Christmas was gaining momentum.  Decorations were in the classroom as well as an advent calender. Only the children who had performed well that day were allowed to open the doors to chocolates or riddles hidden there by the teacher. He didn't care to participate.  Instead, when Chrissie had won for the third day in a row he sneaked in at break at hid drawing pins in the cloth of his teacher's chair, he tore at the edges of display boards and sketched obscenities on Chrissies's desk.

By afternoon registration Chrissie was nowhere to be seen and his handiwork had been cleaned away, but if you looked carefully you could still make out a faint etching in the table's laminate.  The teacher had seen the pins, but the frayed boards went unnoticed.  At the weekend he disappeared for several hours and waited outside Chrissie's house.  No one paid him any mind and when Chrissie left with her parents, Connor took a well fingered stone from his pocket and aimed it at a window, each and every crash that accompanied the successful targetting met with an uncontrollable sense of exultation that ran, rippling though his core.

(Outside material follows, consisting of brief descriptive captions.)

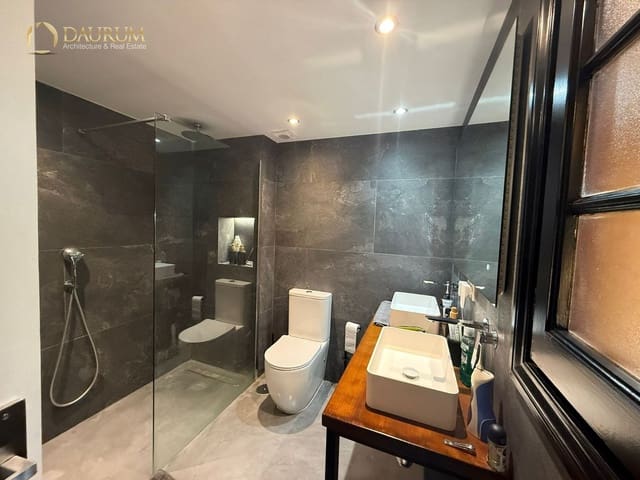 2 makuuhuone Omakotitalo myytävänä paikassa Marbella mukana uima-altaan 
autotalli - 669 000 € (Ref: 9646450)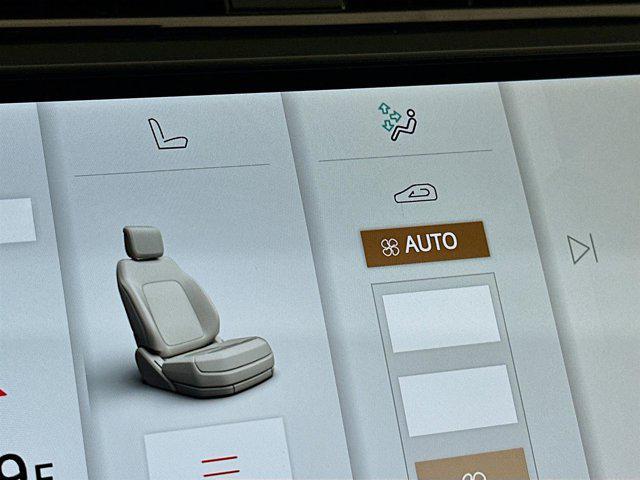 Photo of 2026 Arroios Grey Land Rover Range Rover Evoque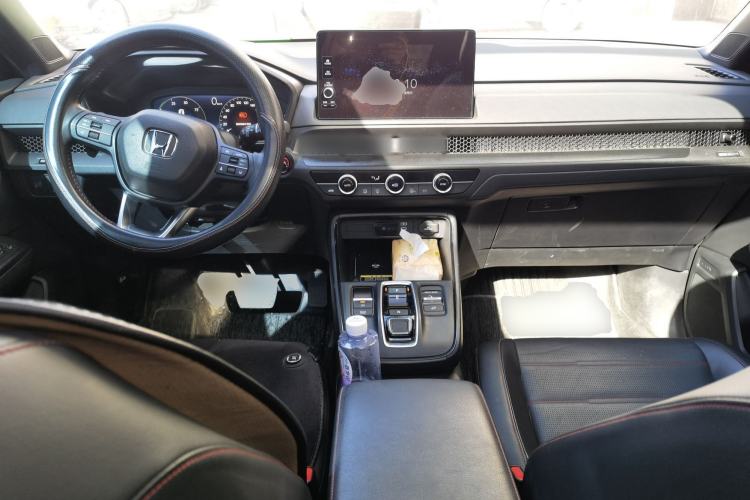 Used Honda CR-V 2024 2.0L eHEV Two-Wheel Drive Smart Edition Center Console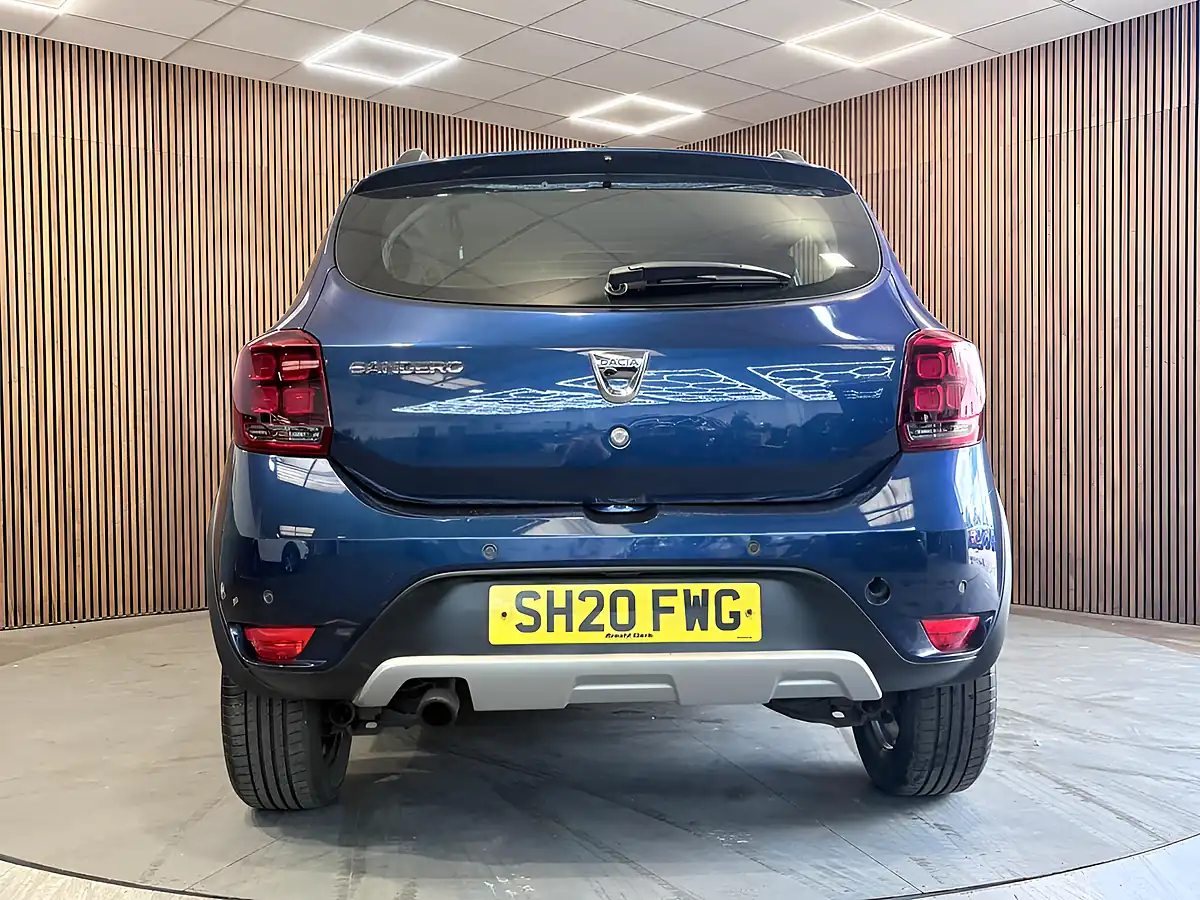 Used 2020 Dacia Sandero Stepway Comfort Blue - Interior and Exterior details 6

On the walk home he saw his mother pass in the car, she slowed.  She couldn't pass him without picking him up, but he ran into the wood and disappeared from view.  At home he had made himself a sandwich, leaving the fridge door open.  His mother left the car keys at the counter and closed the door, she began, silently, to pick at the mess her son had left for her.  He wouldn't allow her the slightest peace.

In the evening Connor sat in the box window completing his homework: he wasn't stupid and it wasn't hard.  He let his book flap loose on his lap afterward, idly watching it slip slowly to the floor.  The wind outside thudded against the glass, as if shouldering the window in frustration.  The wind's direction was indiscrimate, the trees outside were battered from a west-sided barrage, then an east.  Connor's eyes rounded, his pupils growing black and large as he sucked in the energy on display, for him.